- Hebrew: המסעדה הבאה
- Judges: Moshik Roth Assaf Granit Yonatan Roshfeld
- No. of seasons: 1

Production
- Running time: 105 minutes

Original release
- Network: Reshet
- Release: January 24 – April 12, 2022

= The Next Restaurant =

Israeli reality television show

The Next Restaurant (המסעדה הבאה) is a reality television show originating from Israel's channel 13, and created by Ami Glam and Yuval Cohen, whose rights has been acquired by Freemantle. The format features ten weekly competitions between four contestants, in which the winner then runs a pop-up restaurant for a week with real diners from the public. The pop-up restaurants are scored by the show's judges, restaurant critics, diners, and the investors who will back the resulting winner of the show. During the "live portion" of the show, restaurants are eliminated based on these scores and two restaurants are chosen for the finale showdown. The winner of the show becomes the chef of the restaurant that is then opened to the public on a regular basis. During its first season in Israel, the show was channel 13's most viewed show in a period of three years.

== Israel: season 1 ==
The season featured Rotem Israel as presenter. Culinary professionals Assaf Granit, Moshik Roth, Yossi Shitrit, Ruthie Rousso were the judges of the show. Yonatan Roshfeld, who is also connected to the show as it is filmed in the location of his previous flagship Herbert Samuel restaurant, filled the role of the food critic.

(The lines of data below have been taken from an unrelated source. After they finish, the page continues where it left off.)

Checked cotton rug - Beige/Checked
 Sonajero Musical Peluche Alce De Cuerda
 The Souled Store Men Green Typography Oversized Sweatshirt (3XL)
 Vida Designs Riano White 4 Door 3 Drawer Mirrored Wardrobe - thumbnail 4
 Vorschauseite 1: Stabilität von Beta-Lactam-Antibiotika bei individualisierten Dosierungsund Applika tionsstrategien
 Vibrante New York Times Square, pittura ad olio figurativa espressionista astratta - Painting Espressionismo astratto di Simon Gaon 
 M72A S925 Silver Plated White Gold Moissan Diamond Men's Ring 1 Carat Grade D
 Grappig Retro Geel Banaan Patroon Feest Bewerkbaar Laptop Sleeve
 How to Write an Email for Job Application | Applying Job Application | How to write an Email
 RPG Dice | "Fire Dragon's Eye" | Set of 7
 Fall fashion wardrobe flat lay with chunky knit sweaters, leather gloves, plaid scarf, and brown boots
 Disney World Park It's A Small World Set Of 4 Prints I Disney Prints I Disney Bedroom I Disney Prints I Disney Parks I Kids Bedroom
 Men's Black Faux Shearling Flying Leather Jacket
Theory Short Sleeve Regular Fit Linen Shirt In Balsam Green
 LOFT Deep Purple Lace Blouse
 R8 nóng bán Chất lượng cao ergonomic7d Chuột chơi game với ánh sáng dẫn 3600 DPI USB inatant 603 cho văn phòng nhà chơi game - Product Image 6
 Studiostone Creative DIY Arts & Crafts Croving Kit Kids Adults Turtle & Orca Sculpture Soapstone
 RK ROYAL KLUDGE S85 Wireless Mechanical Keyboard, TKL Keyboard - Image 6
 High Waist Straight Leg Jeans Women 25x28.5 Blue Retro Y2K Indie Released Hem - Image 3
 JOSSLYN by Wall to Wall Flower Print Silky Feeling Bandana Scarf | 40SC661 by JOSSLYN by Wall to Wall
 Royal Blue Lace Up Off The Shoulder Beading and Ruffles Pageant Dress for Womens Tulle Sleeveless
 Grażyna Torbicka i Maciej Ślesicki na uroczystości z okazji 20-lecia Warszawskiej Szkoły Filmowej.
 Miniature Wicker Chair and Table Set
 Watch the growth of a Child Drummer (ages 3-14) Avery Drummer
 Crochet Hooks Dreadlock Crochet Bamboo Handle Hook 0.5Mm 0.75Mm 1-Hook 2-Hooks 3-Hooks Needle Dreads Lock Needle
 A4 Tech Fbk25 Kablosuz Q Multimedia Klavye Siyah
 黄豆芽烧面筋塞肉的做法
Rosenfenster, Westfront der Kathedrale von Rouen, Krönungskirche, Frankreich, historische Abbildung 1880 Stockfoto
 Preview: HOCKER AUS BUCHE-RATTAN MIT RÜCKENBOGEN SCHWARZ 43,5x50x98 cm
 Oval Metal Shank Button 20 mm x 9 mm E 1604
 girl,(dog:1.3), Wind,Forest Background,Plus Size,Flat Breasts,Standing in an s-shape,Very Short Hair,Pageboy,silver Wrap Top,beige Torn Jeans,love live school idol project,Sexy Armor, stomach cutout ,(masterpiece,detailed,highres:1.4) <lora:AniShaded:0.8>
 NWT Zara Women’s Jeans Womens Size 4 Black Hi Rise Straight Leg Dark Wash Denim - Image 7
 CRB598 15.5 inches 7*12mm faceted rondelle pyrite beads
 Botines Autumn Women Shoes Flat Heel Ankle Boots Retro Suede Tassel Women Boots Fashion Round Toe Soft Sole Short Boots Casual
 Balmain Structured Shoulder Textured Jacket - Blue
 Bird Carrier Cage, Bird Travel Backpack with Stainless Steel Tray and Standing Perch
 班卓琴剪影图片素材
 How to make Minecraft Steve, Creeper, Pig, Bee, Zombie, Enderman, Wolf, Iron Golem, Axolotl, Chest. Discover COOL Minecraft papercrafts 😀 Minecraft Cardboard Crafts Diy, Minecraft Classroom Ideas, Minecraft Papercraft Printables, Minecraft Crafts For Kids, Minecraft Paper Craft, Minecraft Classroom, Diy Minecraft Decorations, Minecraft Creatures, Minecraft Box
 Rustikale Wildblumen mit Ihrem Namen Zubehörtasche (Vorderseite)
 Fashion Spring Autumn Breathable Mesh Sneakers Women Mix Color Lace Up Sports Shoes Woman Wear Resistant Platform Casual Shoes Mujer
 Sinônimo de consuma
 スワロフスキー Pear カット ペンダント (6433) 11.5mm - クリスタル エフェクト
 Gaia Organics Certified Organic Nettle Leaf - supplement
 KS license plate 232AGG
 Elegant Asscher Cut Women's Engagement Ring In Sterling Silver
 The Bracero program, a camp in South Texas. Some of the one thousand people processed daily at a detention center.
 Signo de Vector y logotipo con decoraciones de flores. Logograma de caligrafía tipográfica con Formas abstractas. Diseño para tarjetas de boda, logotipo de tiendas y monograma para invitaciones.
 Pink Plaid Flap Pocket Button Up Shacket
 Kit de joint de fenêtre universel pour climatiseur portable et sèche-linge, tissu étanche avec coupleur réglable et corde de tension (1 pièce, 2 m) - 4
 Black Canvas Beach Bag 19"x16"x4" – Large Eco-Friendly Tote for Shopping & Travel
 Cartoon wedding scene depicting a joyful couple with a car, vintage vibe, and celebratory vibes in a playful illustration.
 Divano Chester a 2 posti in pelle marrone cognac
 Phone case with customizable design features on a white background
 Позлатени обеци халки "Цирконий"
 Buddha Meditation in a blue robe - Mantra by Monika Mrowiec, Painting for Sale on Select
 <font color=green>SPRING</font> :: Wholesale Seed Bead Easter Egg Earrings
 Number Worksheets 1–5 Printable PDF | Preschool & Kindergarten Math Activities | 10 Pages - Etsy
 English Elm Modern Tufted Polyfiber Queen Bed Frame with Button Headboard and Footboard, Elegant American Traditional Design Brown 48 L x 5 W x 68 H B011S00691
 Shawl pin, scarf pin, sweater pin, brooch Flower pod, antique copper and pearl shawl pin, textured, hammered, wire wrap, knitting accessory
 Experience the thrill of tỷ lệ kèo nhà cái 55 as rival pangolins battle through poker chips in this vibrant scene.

The first season in Israel was won by Idan Bashuri (“Pompeii”), and opened the "Mileage" restaurant. The show finale was a disappointment in ratings and television criticism, who criticized the fact that the contestants were not physically in the same space and that the filming time of the finale segments was unclear. The winner's restaurant is promised to be open for a year.